ISBN 978-1-62963-933-8

Click Here to Purchase

My parents grew up in what sounded to me, when we visited, like “the cold regions” on our hours-long drive many weekends up Rt. 61 to the towns of Shenandoah and Sheppton in Schuylkill County, Pennsylvania. My dad’s immediate family consisted of bootleg coal miners. I remember many discussions about black lung. I remember Mom talking about how hard it was to clean the coal dust off of Dad. About his potential spine and other issues in the brutal life down under the ground, digging for anthracite (and Dad’s lengthy explanations of the difference between that and bituminous coal).

Importantly, Dad told us the story of why he left his family’s bootlegging coal operation when an accident happened, a horrible cave-in that killed a man and his son. I don’t think Dad wanted to die that way.

After the coal-mining stint, Dad was content to join the Army Air Corps during World War II, take advantage of the GI Bill, go to college and get the heck out of Schuylkill County.

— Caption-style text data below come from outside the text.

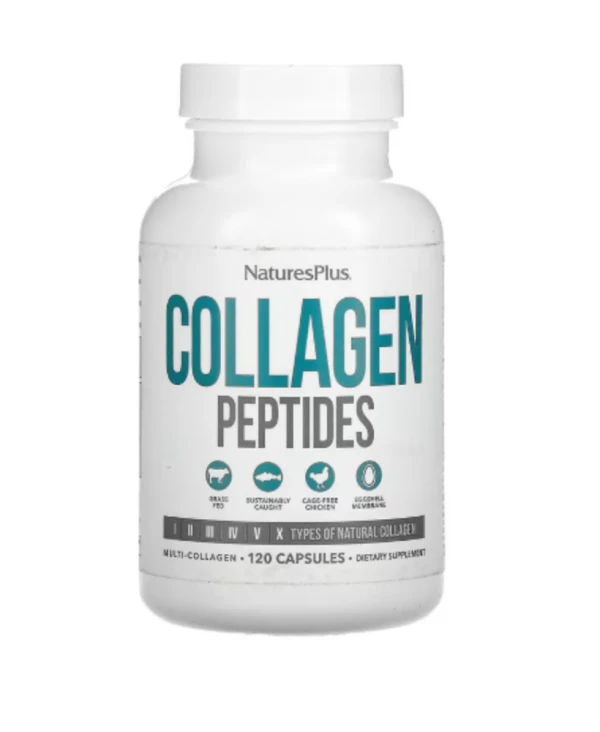 NaturesPlus, Collagen Peptides, 120 Capsules
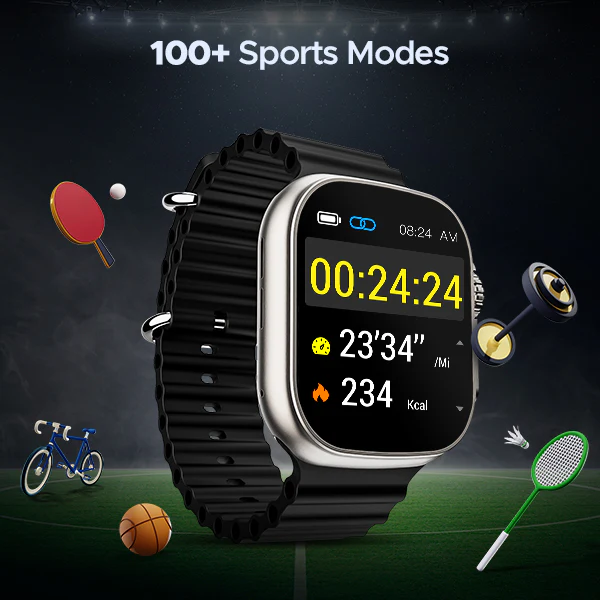 boAt Wave Genesis | Smartwatch with 1.96" (4.97cm) Big HD Display, BT Calling, Luxurious Metal Body, Functional Crown - Image 6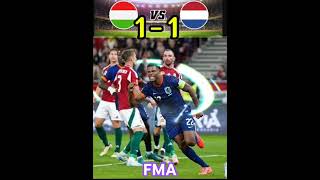 Hungary vs Netherlands 11 Highlights amp Goal🔥🇭🇺🇳🇱shorts football viralvideo trending vandijk [upl. by Korry]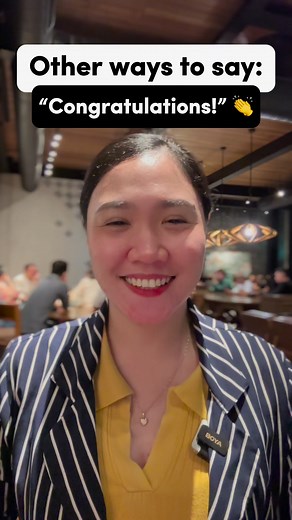 38K views · 1.4K reactions | Other ways to say: “CONGRATULATIONS!”  #otherwaystosay #alternatives #englishexpression #congratulations #vocabulary #learnenglish #speakenglish #learnenglishwithteacheraubrey #aubreybermudez #teacheraubrey #reels #fbreels #reelsviral | Learn English with Teacher Aubrey | Facebook
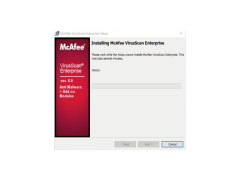 McAfee VirusScan Enterprise - installing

So there was a lot of nostalgia reading THE BOOTLEG COAL REBELLION, an exhaustive collection of court and newspaper records and personal accounting of the strife and strikes bootleggers faced.

Why bootleg? Simple: it’s a business decision when a larger company, such as Reading Anthracite, decides it is more cost-effective and boosts coal prices after they shut commercial company mines down, leaving many miners out of work, uncaring about their welfare, leaving them to fend for themselves. And fend they did, digging for coal en masse.

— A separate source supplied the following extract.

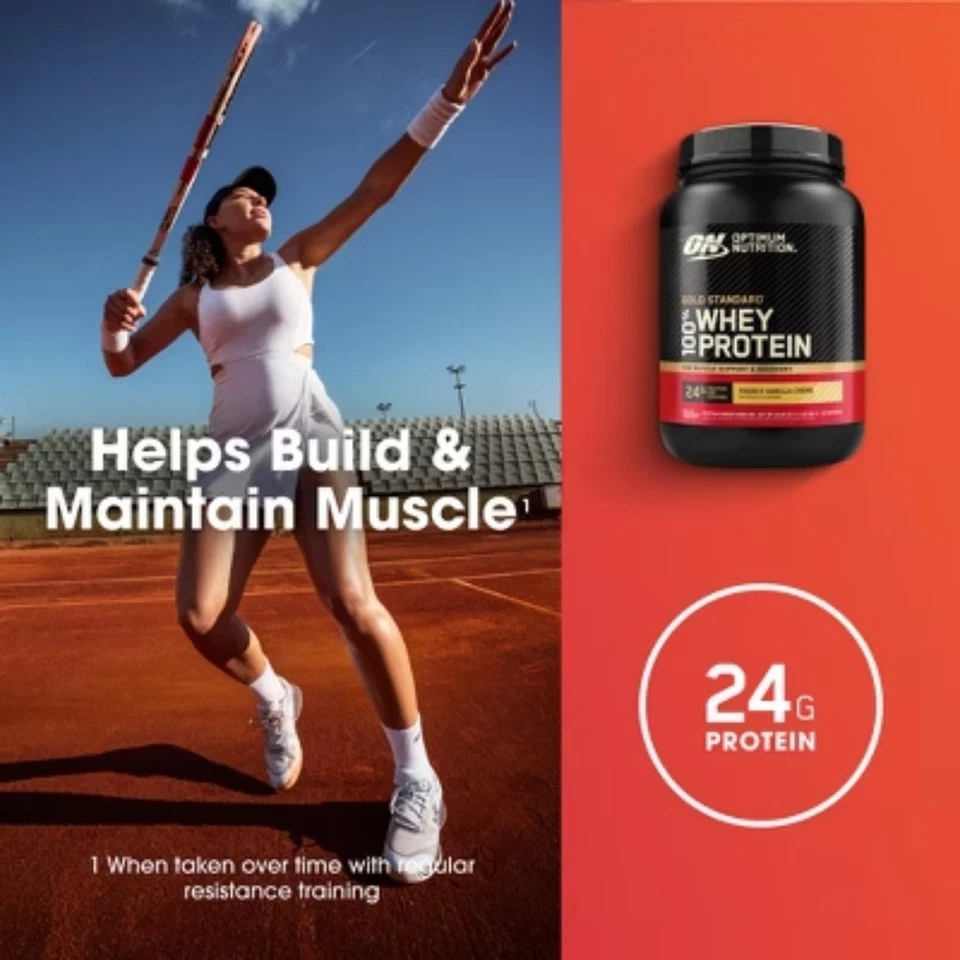 Optimum Nutrition Protein Vanilla 1.55lbs:Whey,24g Protein - Image 3 of 4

According to REBELLION, most bootleg mining, about two-thirds, took place in Schuylkill County. In 1936, for example, bootleggers produced 2.5 million tons of coal, about 5% of the combined output of all legal mines. Dad was 17 years old and working in the bootleg mine in 1936.

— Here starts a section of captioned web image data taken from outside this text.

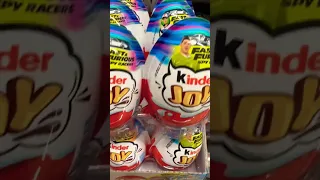🟠✅#viral KINDER JOY OVERLOAD FAST&FURIOUS CANDY #trending #asmr #satisfying #delicious #shorts🍫🍭
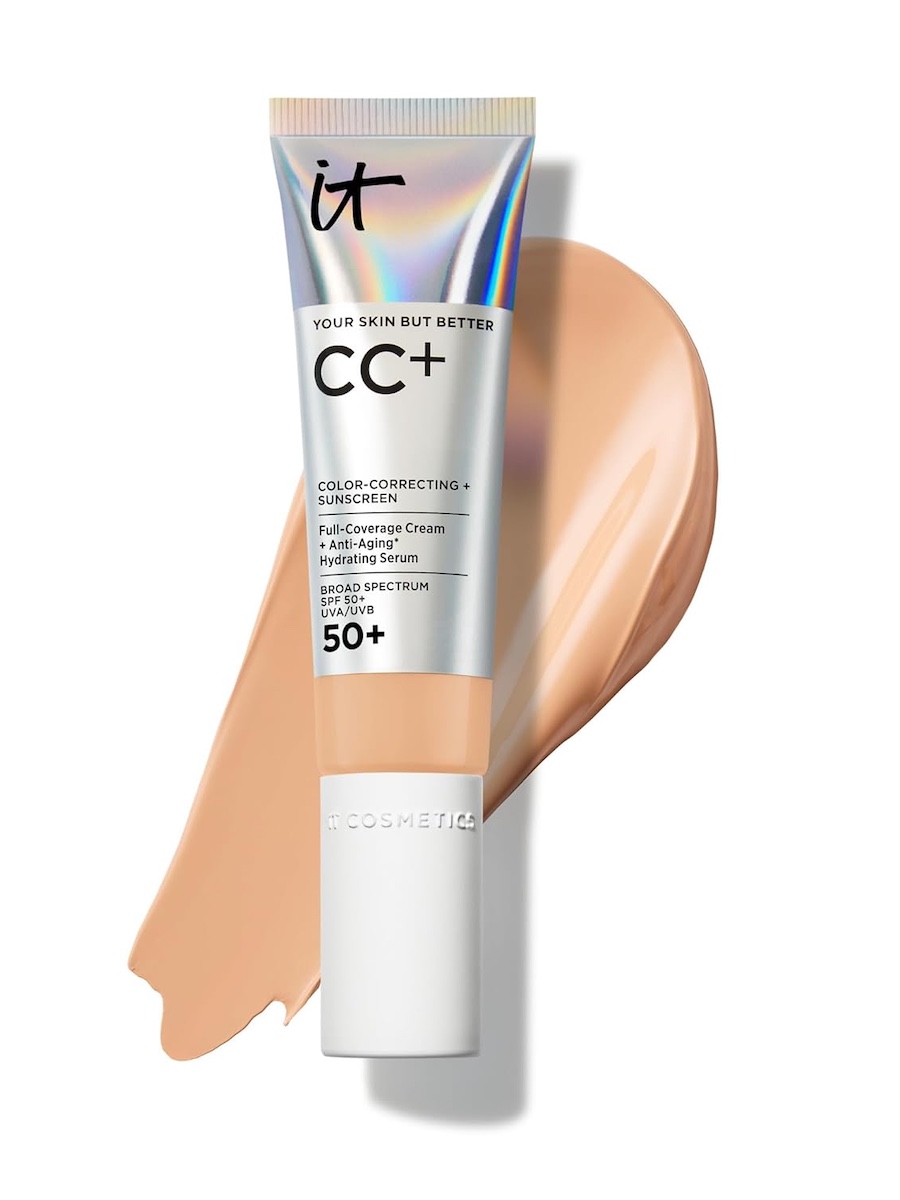 IT Cosmetics, It Cosmetics Cc+ Cream (medium) - Natural Full Coverage Foundation With Spf 50+, Color Corrector &amp; Anti-Aging Hydrating Serum, Hyaluronic Acid + Peptides, Lightweight - 1.08 Fl Oz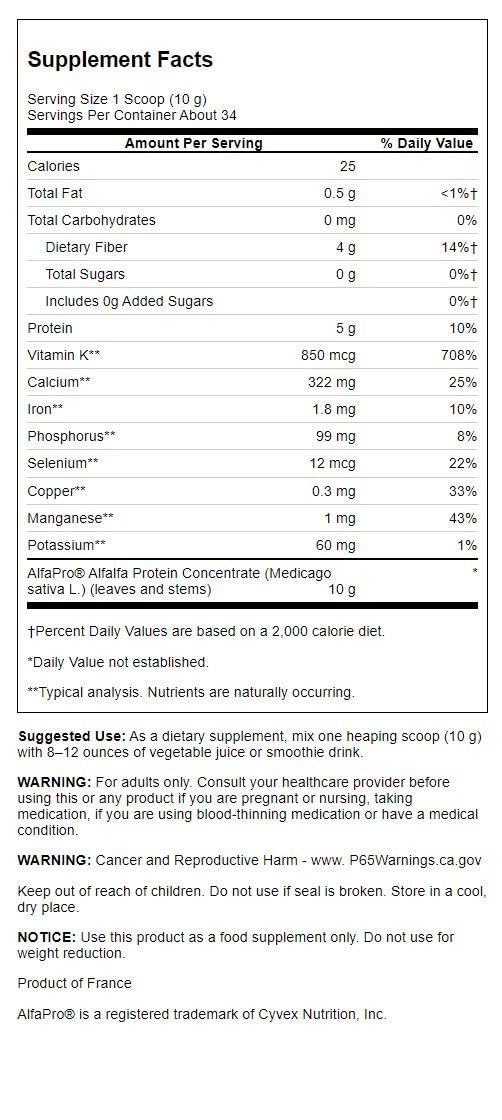 Swanson Alfapro Alfalfa Protein Concentrate - 12 oz - image 2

A special commission found 342 bootleg breakers, in 1936, one for every 5.7 “coal holes.” The average operation employed four workers each at $14 per week. Then-Gov. Pinchot told companies and the press that the “coal companies can at any time put an end to the production of bootleg coal by reemploying the men who are producing it.”

Again, a business decision, as labor costs were key and it wasn’t profitable to employ many in the mines. Profit over public welfare ruled completely, even back in 1936.

Incidentally, the term “bootleg” was primarily used for liquor during Prohibition. Some of the miners would be content if the public would just refer to miners as “independents.”

Nevertheless, Troutman points out that the Anthracite Institute circulated a pamphlet titled “Stolen Coal” at working collieries. The pamphlet at one time claimed that 20,000 men were bootlegging and selling four million tons annually, for a retail value of $32 million. If that were true, that meant bootleggers produced more than most coal companies.

The clash of private-interest capitalism and the quest for work and pay equality hit a high note during these times. Dad had many stories to tell, some of which were lost to the sands of time, yet had better fortunes after he left the coal-mining industry, fortunately.